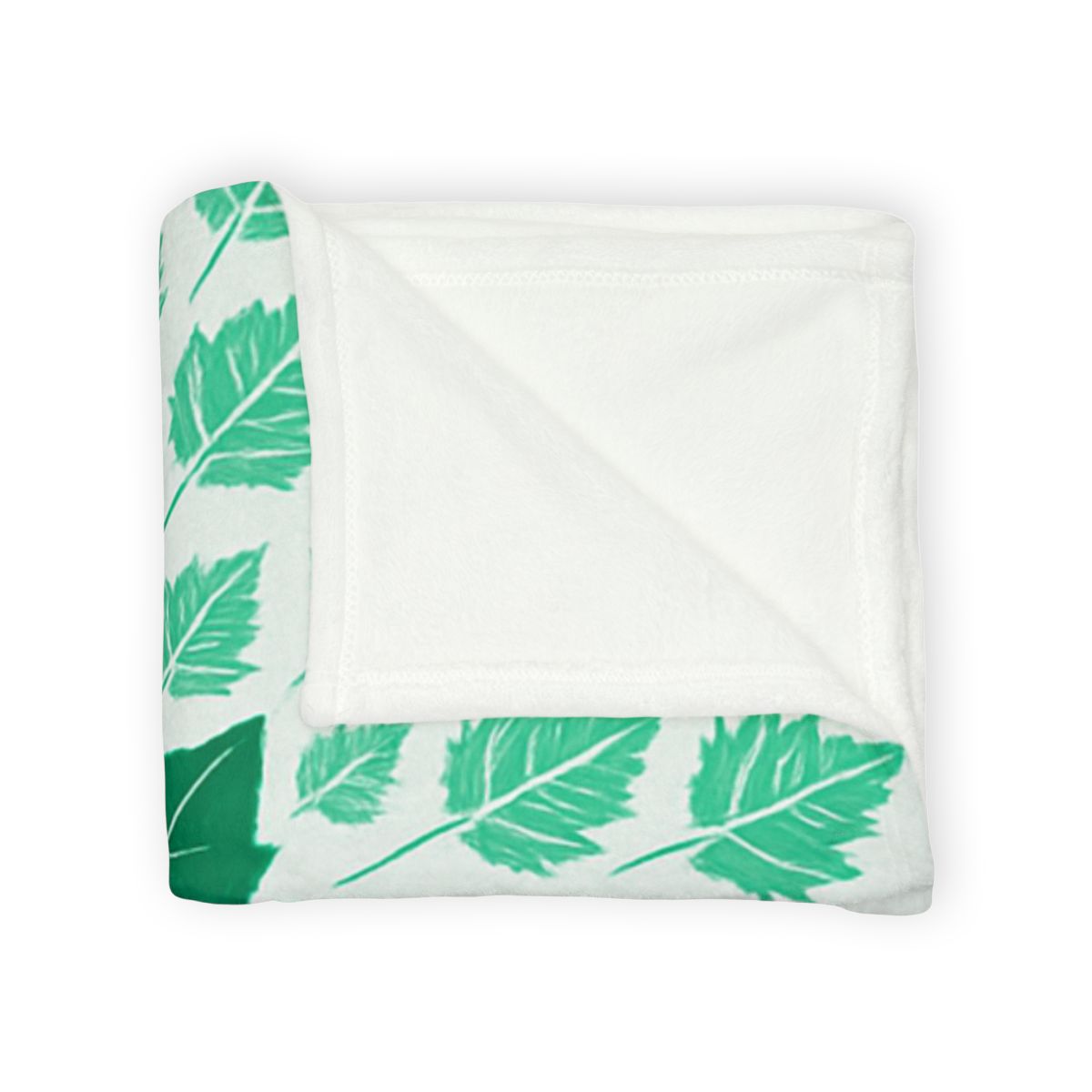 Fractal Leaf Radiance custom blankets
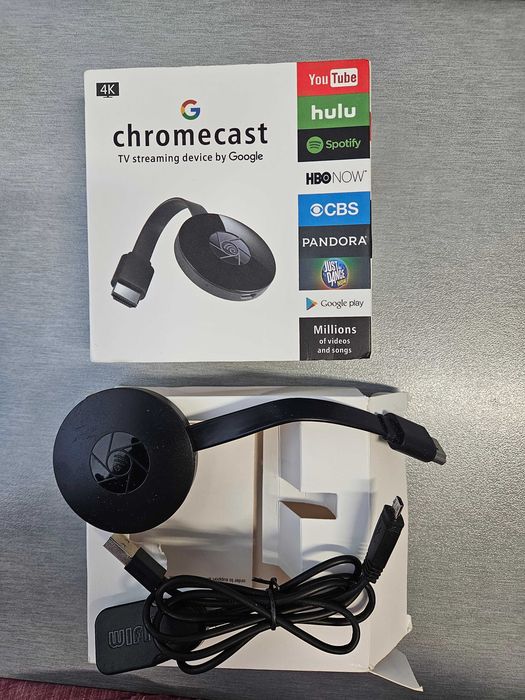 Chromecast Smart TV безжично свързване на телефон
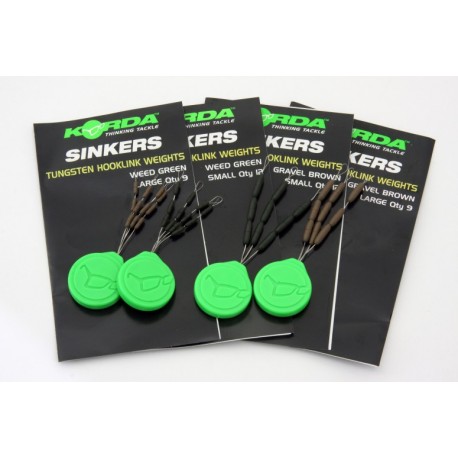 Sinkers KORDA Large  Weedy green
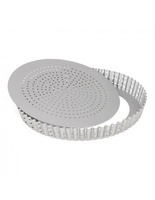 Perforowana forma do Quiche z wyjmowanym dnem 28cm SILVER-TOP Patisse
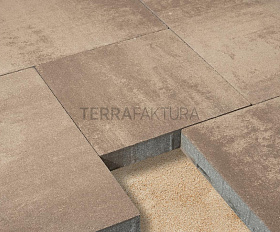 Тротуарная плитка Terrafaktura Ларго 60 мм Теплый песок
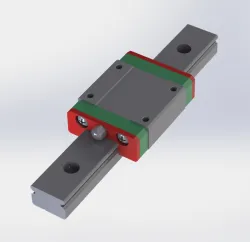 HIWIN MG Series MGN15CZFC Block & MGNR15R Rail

+ + + + +

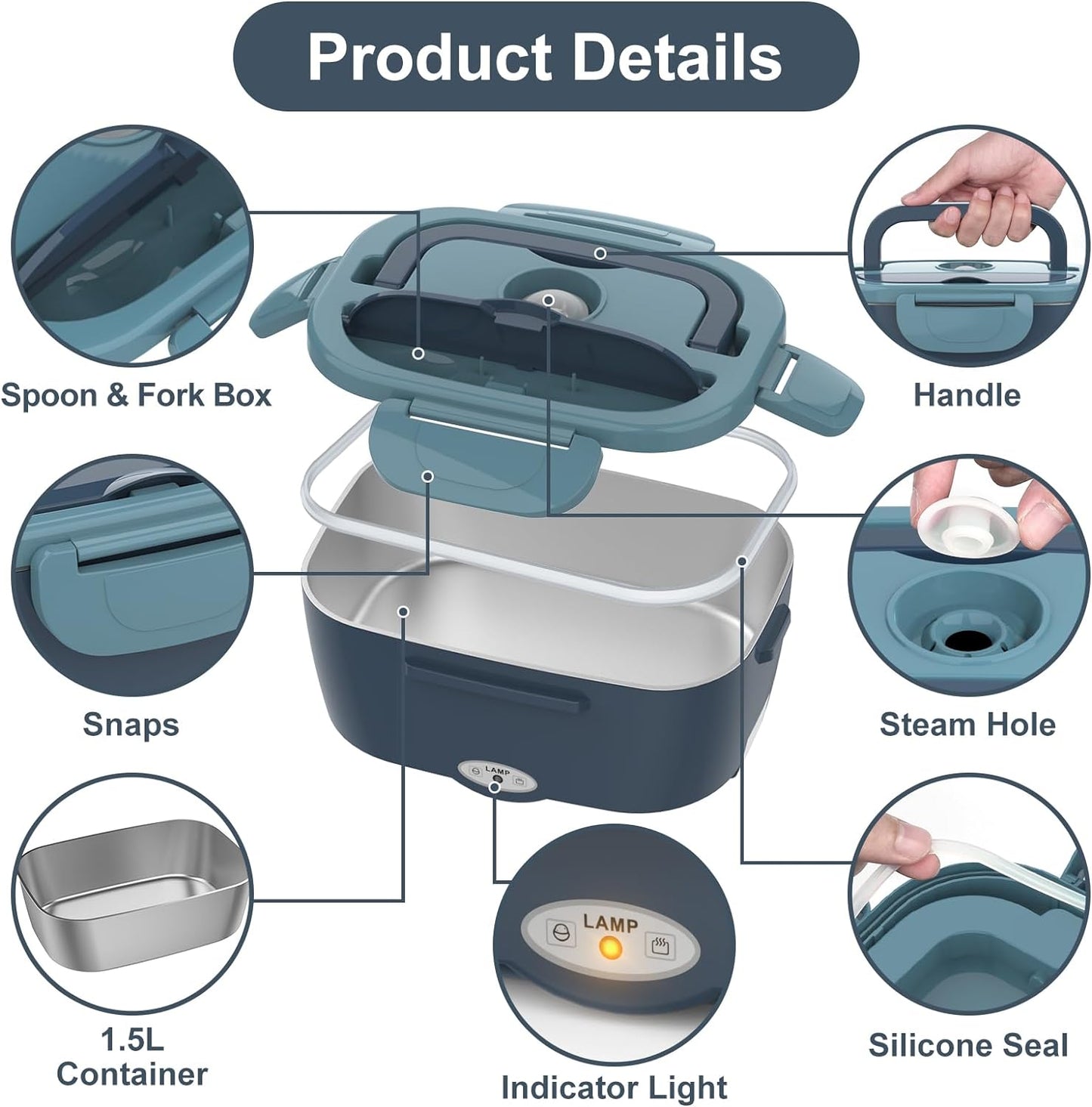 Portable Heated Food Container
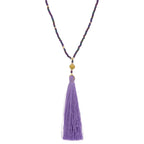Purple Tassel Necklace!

+ + + + +

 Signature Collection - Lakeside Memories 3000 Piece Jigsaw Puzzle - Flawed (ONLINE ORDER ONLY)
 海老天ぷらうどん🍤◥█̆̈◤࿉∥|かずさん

+ + + + +

_WHAT IS NEEDED_
Your answer should be the lines above, word for word, from the line with "Fractal Leaf Radiance custom blankets" through the line with "HIWIN MG Series", minus the pictures.

_TASK RESPONSE_
 Fractal Leaf Radiance custom blankets
 Chromecast Smart TV безжично свързване на телефон
 Sinkers KORDA Large  Weedy green
 Perforowana forma do Quiche z wyjmowanym dnem 28cm SILVER-TOP Patisse
 Тротуарная плитка Terrafaktura Ларго 60 мм Теплый песок
 HIWIN MG Series MGN15CZFC Block & MGNR15R Rail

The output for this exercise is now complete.